## [Requirement]
Write out the data word for word, taking care that no picture is carried over.

## [Dataset extract]
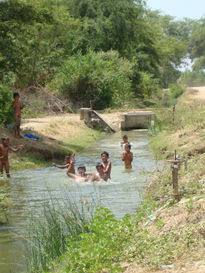 Niños bañando en el...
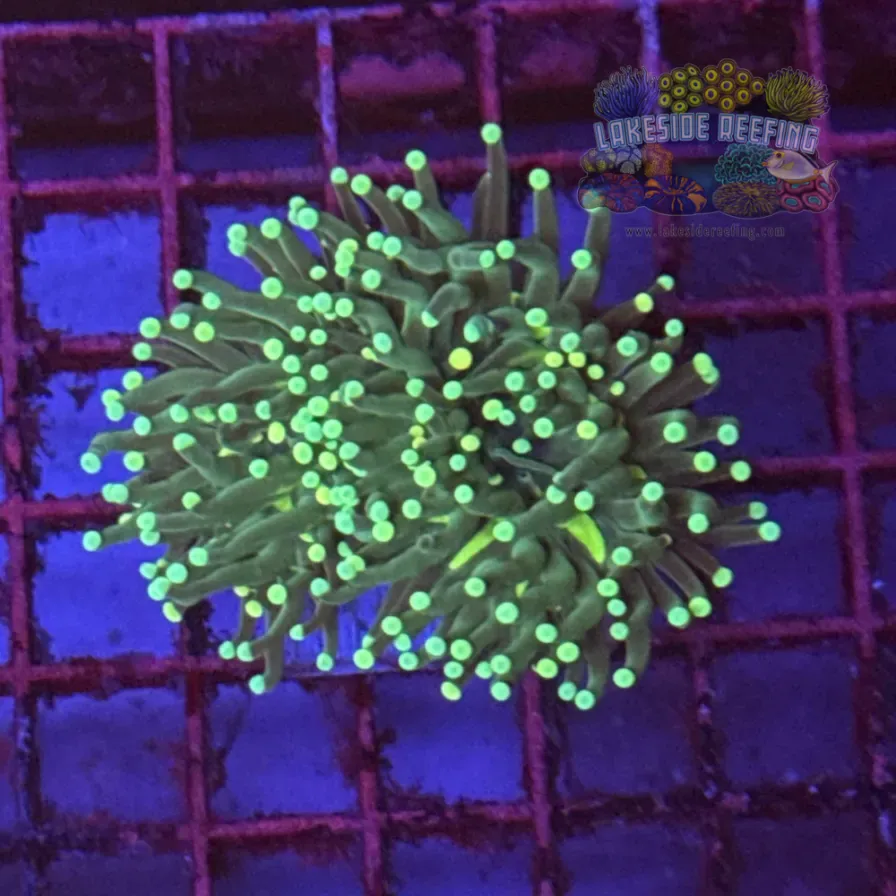 Green with Light Tips Torch Coral R6C7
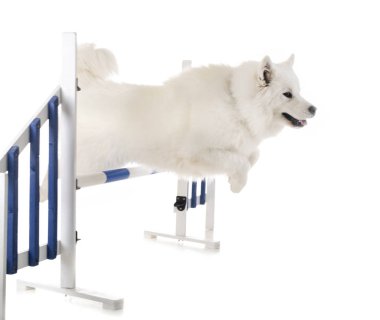Beyaz arka plan önünde Samoyed köpek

## [Task answer]
 Niños bañando en el...
 Green with Light Tips Torch Coral R6C7
Beyaz arka plan önünde Samoyed köpek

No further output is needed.